Quarta pergunta: qual o histórico de nomeação? Não olho para o número de vagas do edital, olho para o concurso anterior. Quantos foram nomeados? Depois de quanto tempo? Há estados que chamam em um ano, outros que deixam o cadastro expirar. Um edital com 50 vagas e nomeação rápida vale mais que um com 200 vagas e nomeação incerta.
Quinta pergunta: o salário líquido compensa o custo de oportunidade? O bruto do edital impressiona, mas eu calculo o líquido com imposto de renda e contribuições. E comparo com o que eu tenho hoje, quando já atuo na área. Para quem está começando, qualquer salário fiscal de R$ 7 mil é bom. Para quem já tem uma carreira, o salto precisa ser maior.
Essas cinco perguntas não escolhem o concurso por mim. Elas me impedem de decidir no impulso.
Como preparar seu plano de estudos antes do edital sair
Se você vai esperar o edital do concurso fiscal de 2026 sair para começar, você já começa atrás.
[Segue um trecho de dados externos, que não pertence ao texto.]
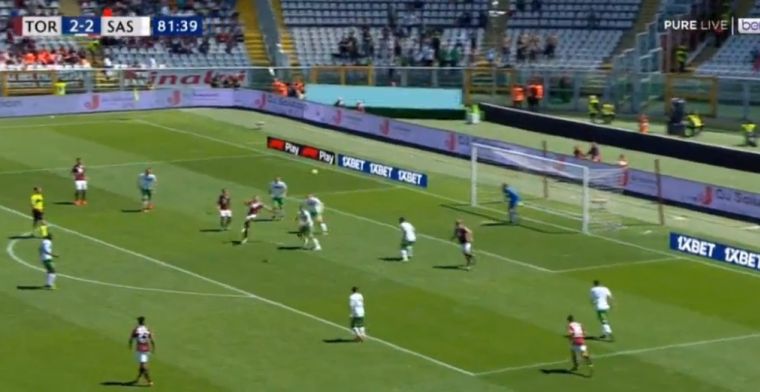 Eerst mis, dan raak: Belotti scoort na supersave alsnog met lekkere omhaal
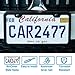 2PCS Premium Matte Black License Plate Frames, Solid Rust-Proof Aluminum Holder with 2 Holes, Universal Car Frame for Women and Man, Including Screws, by Lengnoyp.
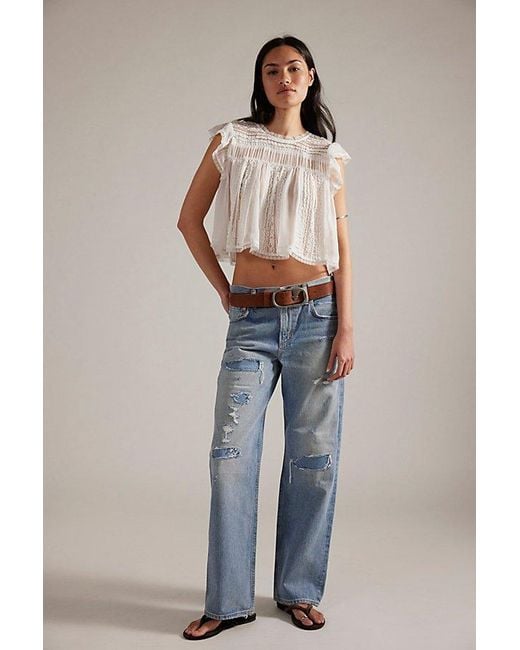 Citizens of Humanity Blue Exclusive Lindz Easy Straight Jeans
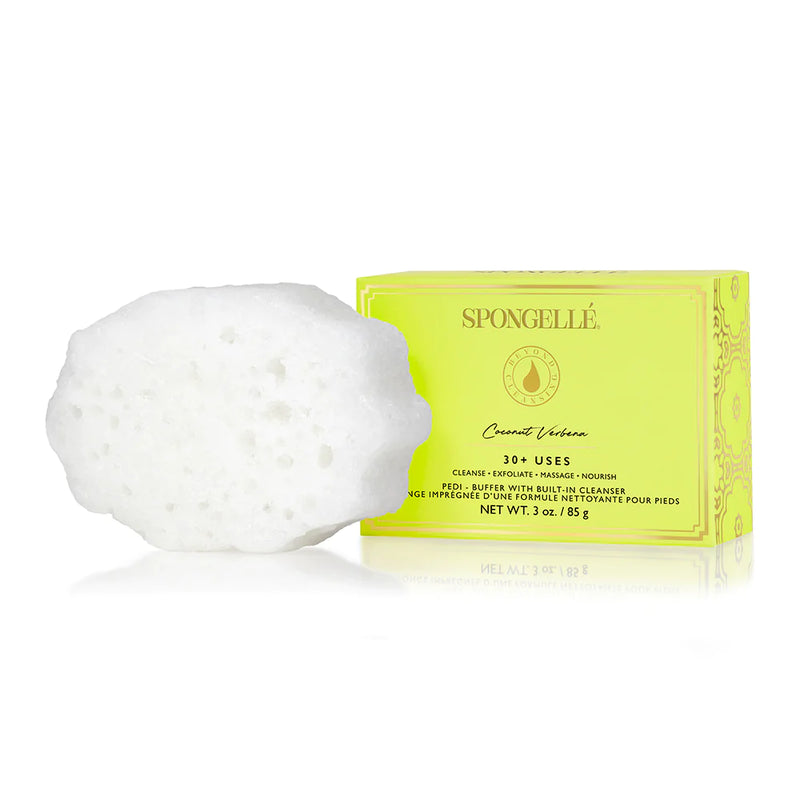 Spongelle Coconut Verbena | Pedi-Buffer 3oz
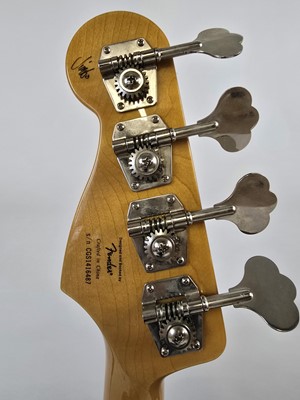 Lot A Chinese metallic blue Fender Squier jazz...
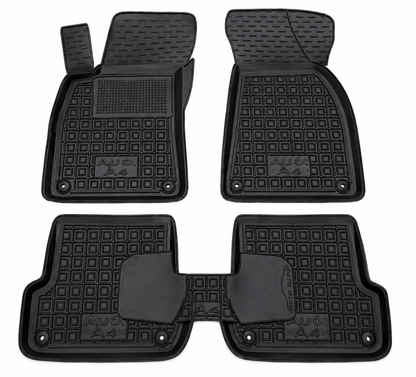 Tappetini di gomma su misura Audi A4 B6 2000-2006 - colore Nero
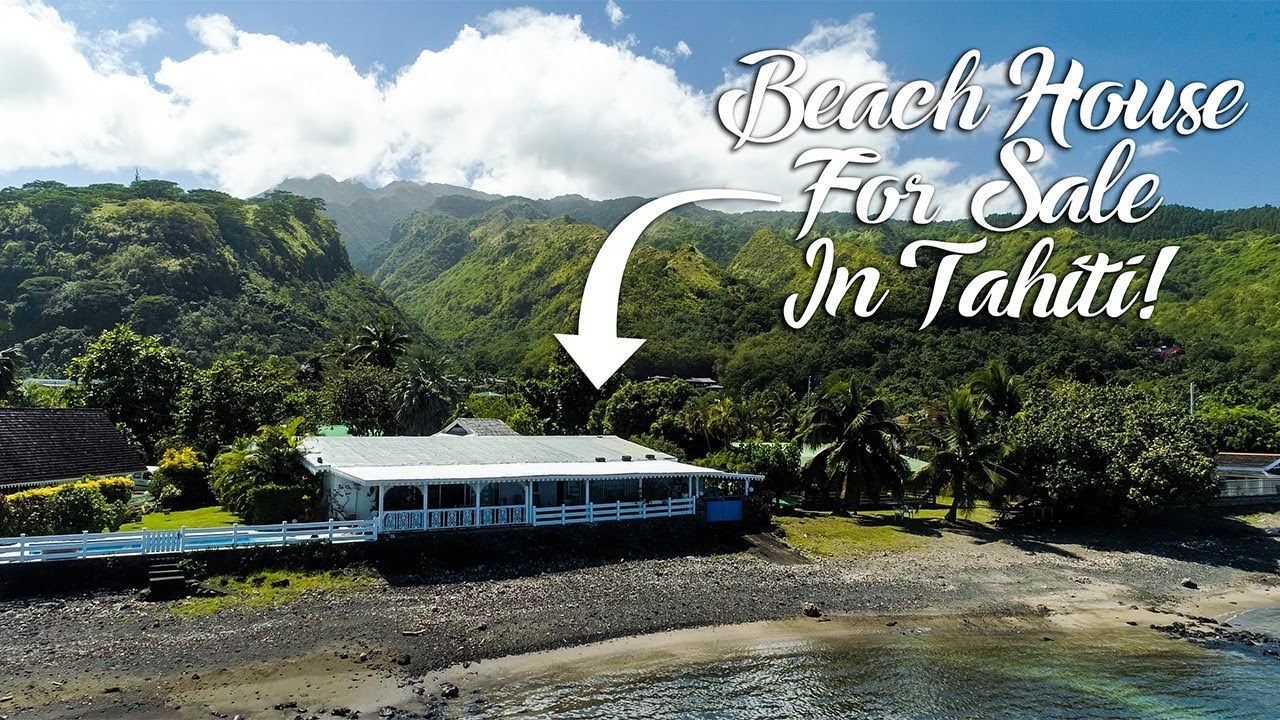 Beach house for sale in Tahiti, French Polynesia!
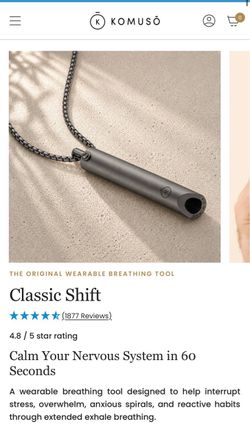 Komuso Classic Shift Breathing Necklace
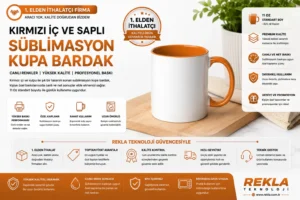 Süblimasyon Kupa Bardak Turuncu ürün görseli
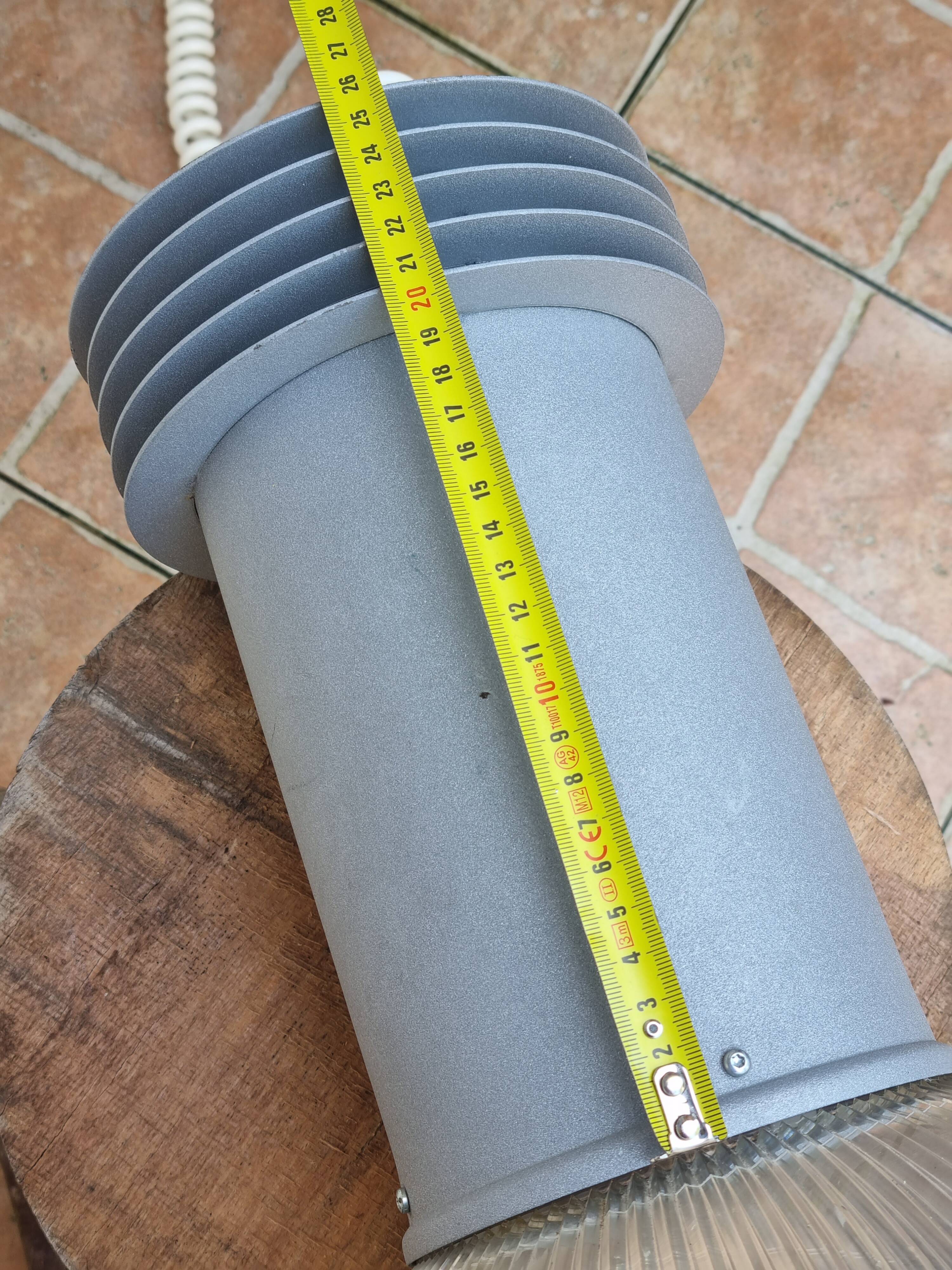 Pair of vintage industrial style pendant lights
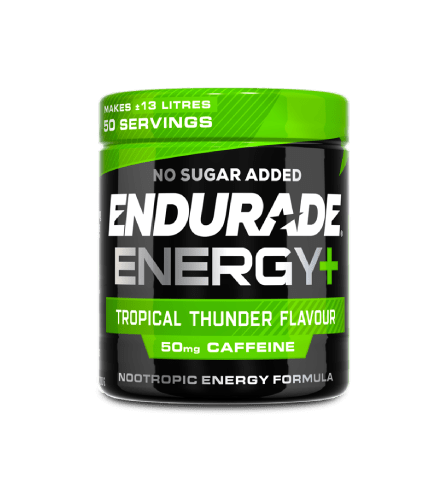 ENDURADE Energy+ Powder - Nootropic Energy Formula - Tropical Thunder Flavour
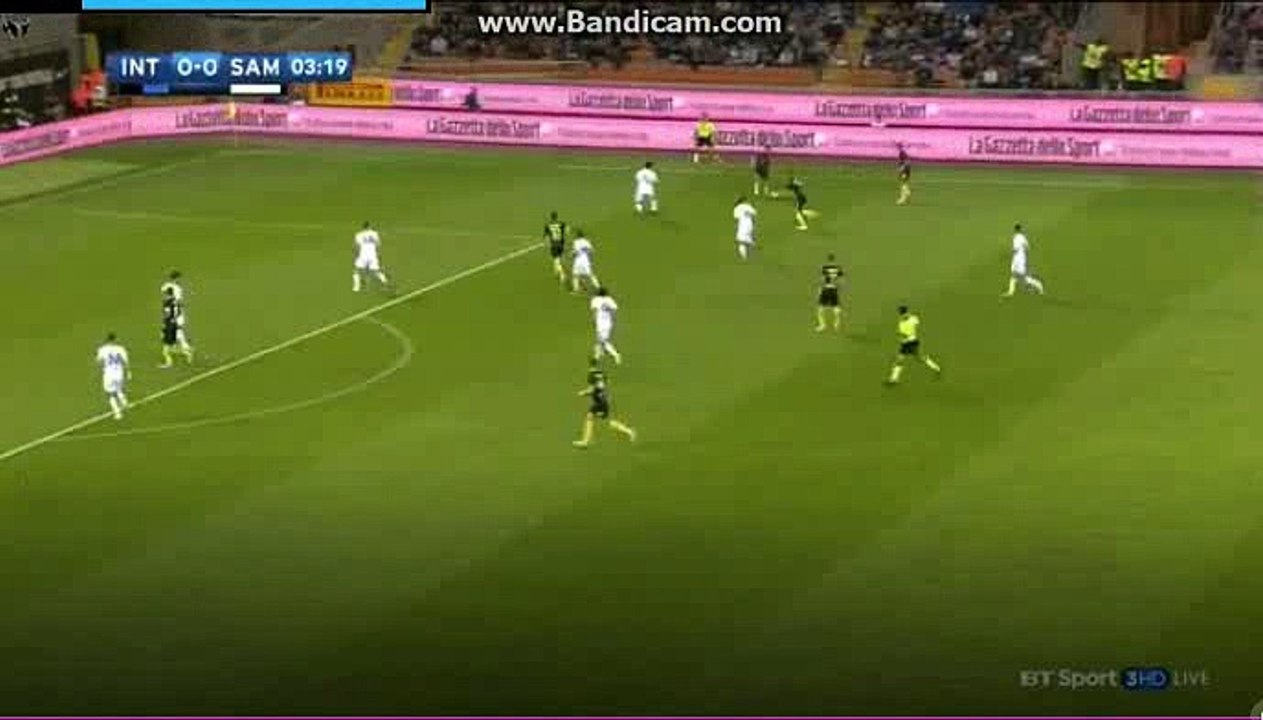 Mauro Icardi Greati Attempt to Score - Inter Milan vs Sampdoria - Serie A - 03.04.2017
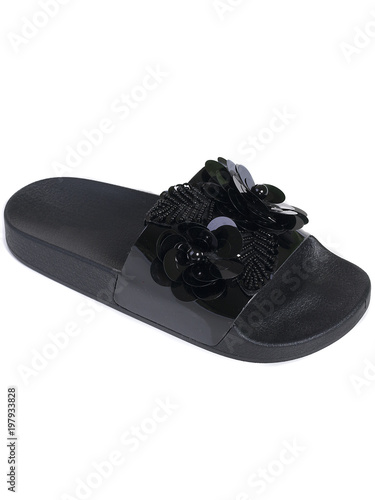 Beautiful and elegant female slippers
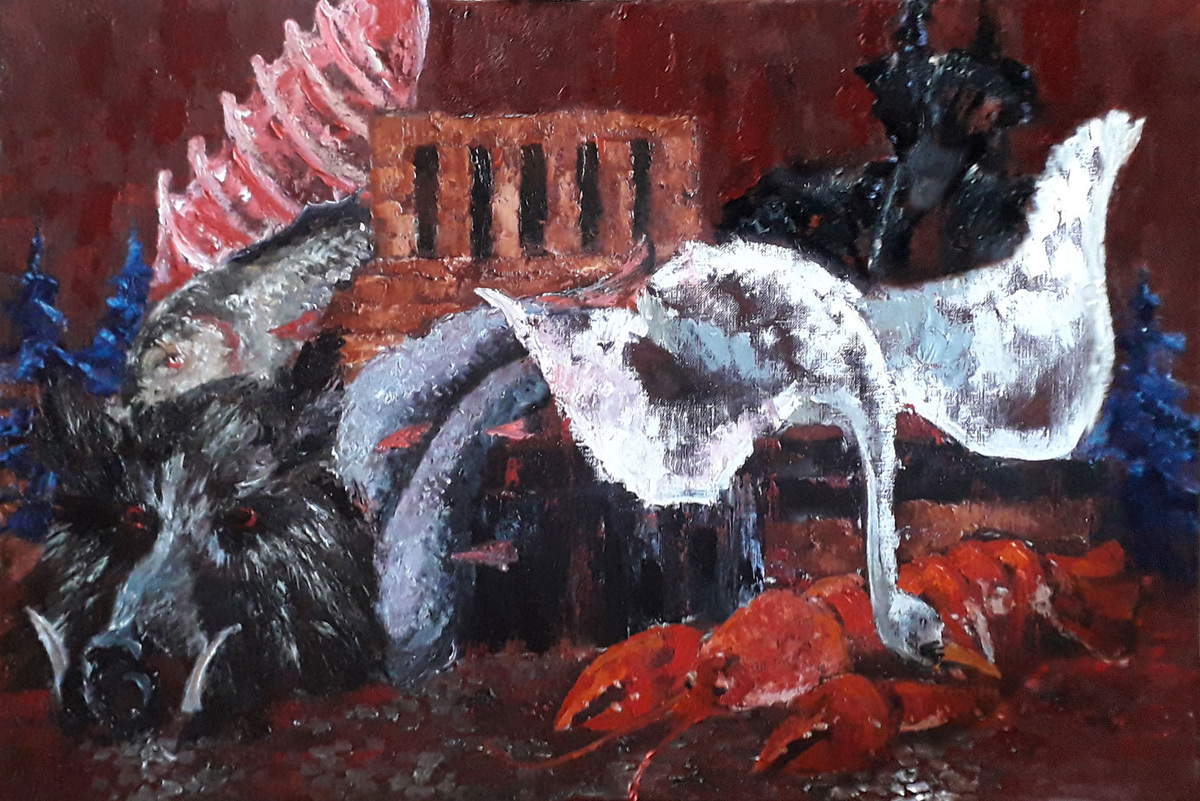 Натюрморт с мавзолеем.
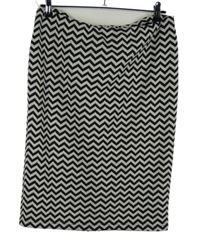 Dámská smeatnovo-černá vzorovaná pouzdrová sukně Bhs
A parte mais importante da preparação não depende de edital.
Direito tributário e contabilidade geral aparecem em praticamente todas as provas fiscais, de ISS a SEFAZ, de FCC a FGV. Português, raciocínio lógico e direito administrativo também. Isso significa que dá para estudar o núcleo comum antes de saber qual concurso vai cair.
No lugar de apostar todas as fichas em um órgão, eu escolheria uma tríade de concursos prováveis, manteria a planilha atualizada e priorizaria as disciplinas que valem para todos. Quando o edital abre, sobra mais tempo para a legislação específica. Foi assim que consegui migrar de ISS para SEFAZ sem começar do zero.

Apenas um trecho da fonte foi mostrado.